The prosecutor’s office said no suspects had been arrested as of Tuesday afternoon and that its investigation was ongoing.
Loureiro, who joined MIT in 2016, was named last year to head MIT’s Plasma Science and Fusion Center, where he aimed to advance clean energy technology and other research. The center, one of the school’s largest labs, had more than 250 people working in seven buildings when he took over.
Loureiro, who was married, grew up in Viseu, central Portugal, and studied in Lisbon before earning a doctorate in London, according to MIT. He was a researcher at a nuclear fusion institute in Lisbon before joining MIT, the press release said.
“He shone brightly as a mentor, friend, teacher, colleague and leader, and was universally admired for his articulate and compassionate manner,” Dennis Whyte, an engineering professor who previously directed MIT’s Plasma Science and Fusion Center, told a campus publication.
MIT President Sally Kornbluth said in a statement that Loureiro’s death was a “shocking loss.”
The Brookline homicide investigation comes as police in Providence, Rhode Island, about 50 miles away, continue to search for the shooter who killed two students and injured nine others at Brown University on Saturday. The FBI said Tuesday there was no connection between the crimes.
A 22-year-old Boston University student who lives near Loureiro’s Brookline apartment told the Boston Globe that she heard three loud noises Monday night and feared they were gunshots. “I had never heard anything that loud, so I assumed it was gunshots,” Liv Schachner reportedly said. “It’s hard to understand.
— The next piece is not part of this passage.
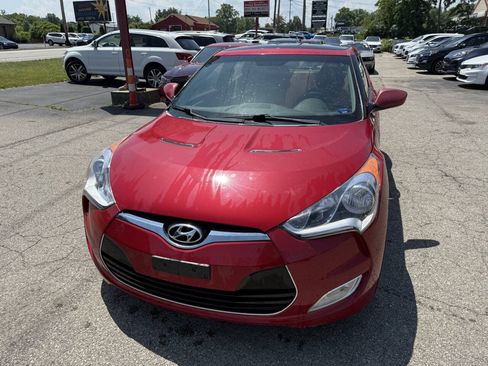 Used 2013 Hyundai Veloster w/ Style Pkg FWD image 2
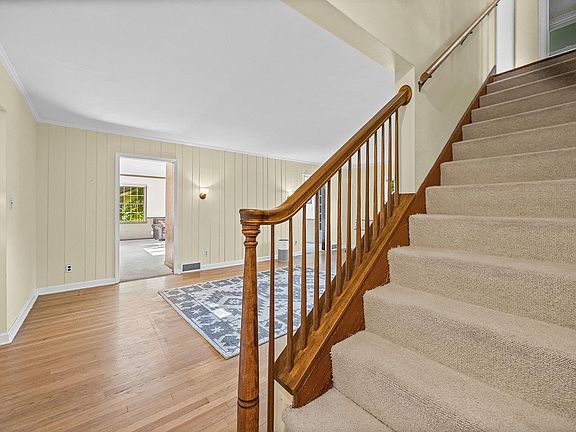 3rd image of 1575 Marilyn Ave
It seems like it keeps happening.”
Some of Loureiro’s students went to his home, an apartment in a three-story brick building, on Tuesday afternoon to pay their respects, the Globe reported.
The United States Ambassador to Portugal, John J. Arrigo, expressed his condolences in an online message honoring Loureiro for his leadership and contributions to science.
“It is not hyperbole to say that MIT is the place where we can find solutions to humanity’s greatest problems,” Loureiro said when he was named head of the plasma science laboratory last year. “Fusion energy will change the course of human history.”